As Onion notes, however much they use Victorian goods, the Chrismans’ will not be making historically “authentic” Victorian choices. Whether they want to admit it or not, the march of time since 1870 means that they live in a different social matrix. Context matters.
From this perspective, we might regard the Chrisman approach to the Victorian period as an example of failed play, at least of the sort that historical video games (among other forms of historical recreation) are attempting to encourage. In a manner similar to how the player of an Assasin’s Creed game breaks the historical accuracy of the fiction by mixing constant, unrestrained, and often comically graphic murder with their historical tourism, the Chrismans’ fail to account for how their choices – and their motivations – contextually differ from those available to people in the past. There’s no such thing as direct access to the past, no matter how expensively and carefully curated your environment is, or how period-accurate your slave-grown coffee maker or whale-oil kerosene lamp are.
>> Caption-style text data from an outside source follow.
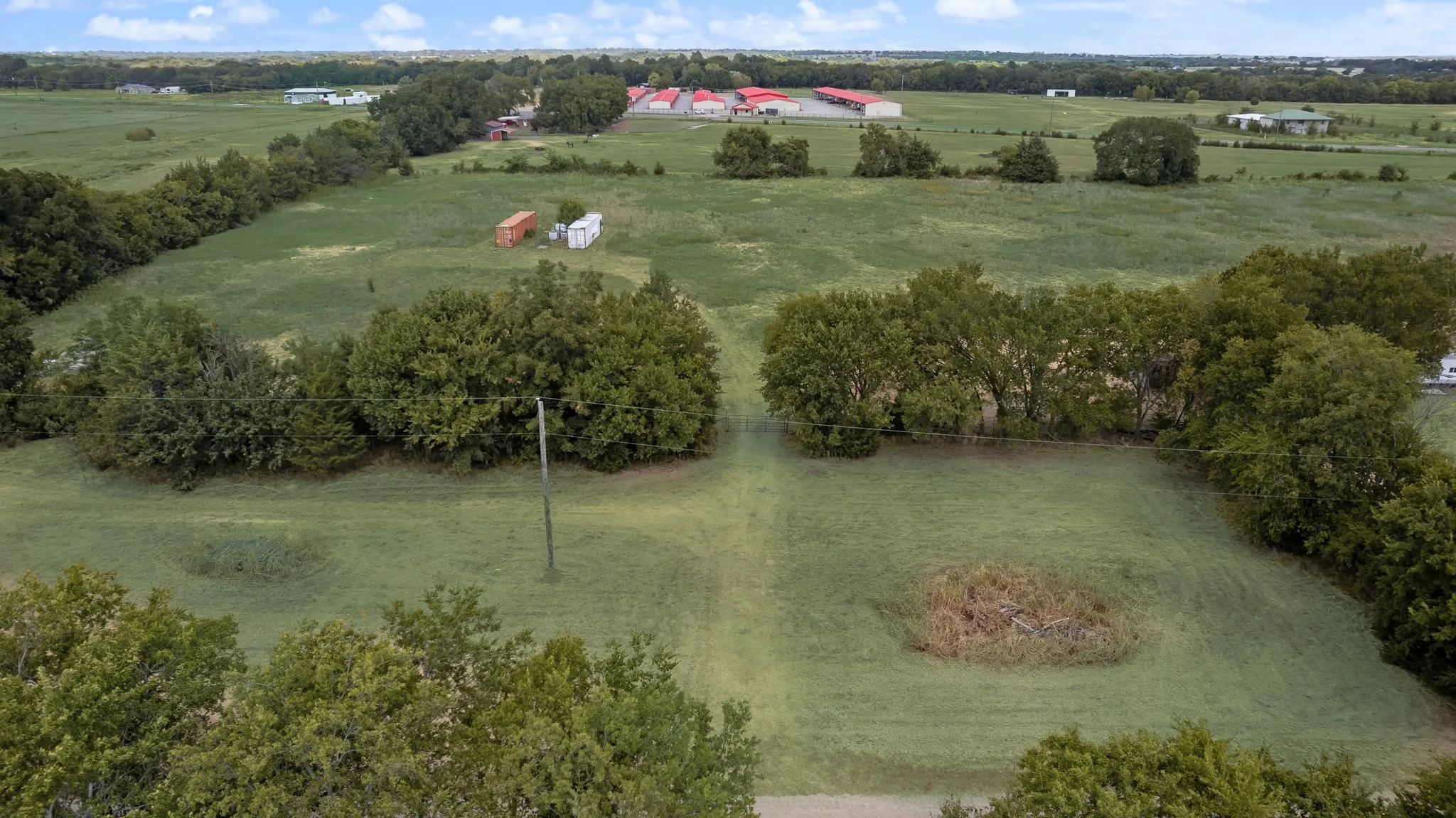 Unimproved Land For Sale in Fannin County , 754 County Road 4015, Savoy, Texas 75479, 0, 0, Garage spaces, 0 Sqft, built in 0, mls#21372948, Real Estate Agent in Savoy, Homes For Sale in Fannin county, Homes For Sale in Savoy, Realtor in Savoy Texas, Real Estate Brokerage Independent Realty Texas, Luminita Cordes Realtor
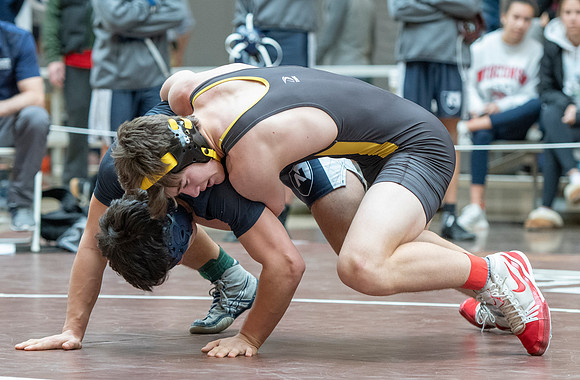 wrestling_bit20_dburns1_2625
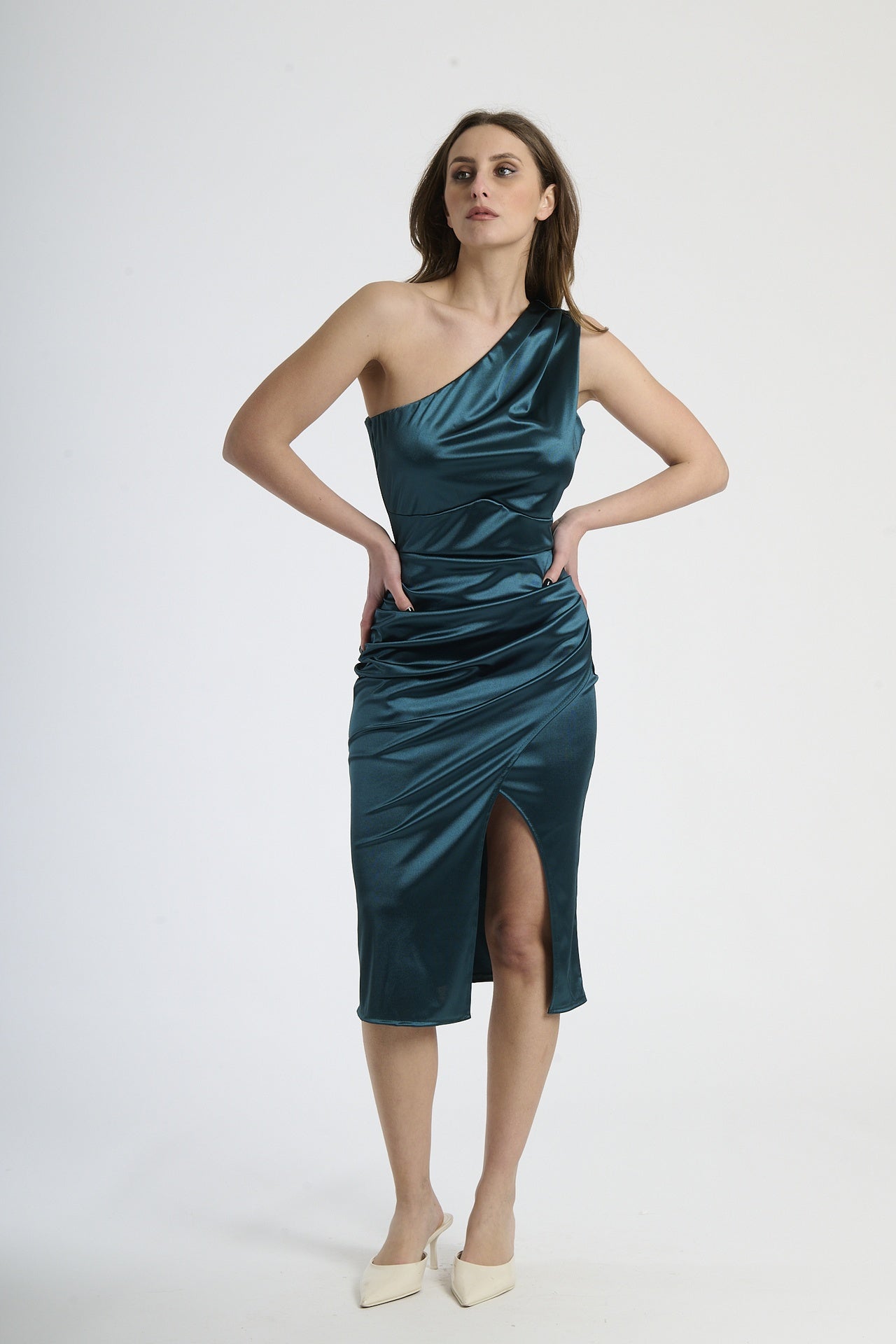 Josephine 6700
This failure, however, suggests its opposite: that there are forms of play that could more productively engage with historical research. Like costume dramas and historical sites, video games have the potential to offer a more considered alternative to the fantasy of “living history,” Their baked-in artificial nature and obvious mediation, annoyances to those interested in “direct” experience, also serve to sidestep many of the pitfalls seen in other kinds of recreations or simulations, while simultaneously allow players (and creators) to engage with the question of context and choice.
Thus, the legibility of artifice and interpretative positioning can, perhaps counterintuitively, bring “history” (as opposed to “the past”) to life more effectively. Creating mechanics, designing environments, writing narratives that model choices and constraints historical actors may have faced – these are all necessarily active decisions, and indeed ones that can inform, and are informed by, scholarly research. By leading historians to think about how their theories and interpretations might be coherently modeled in an active simulation, and then engaged by players interacting with environments and systems making contingent choices, video games can contribute new insights to our active understanding of the past, and inform our future investigations of it.
But only if we’re willing to play the game of history – and forget playing at “the past.”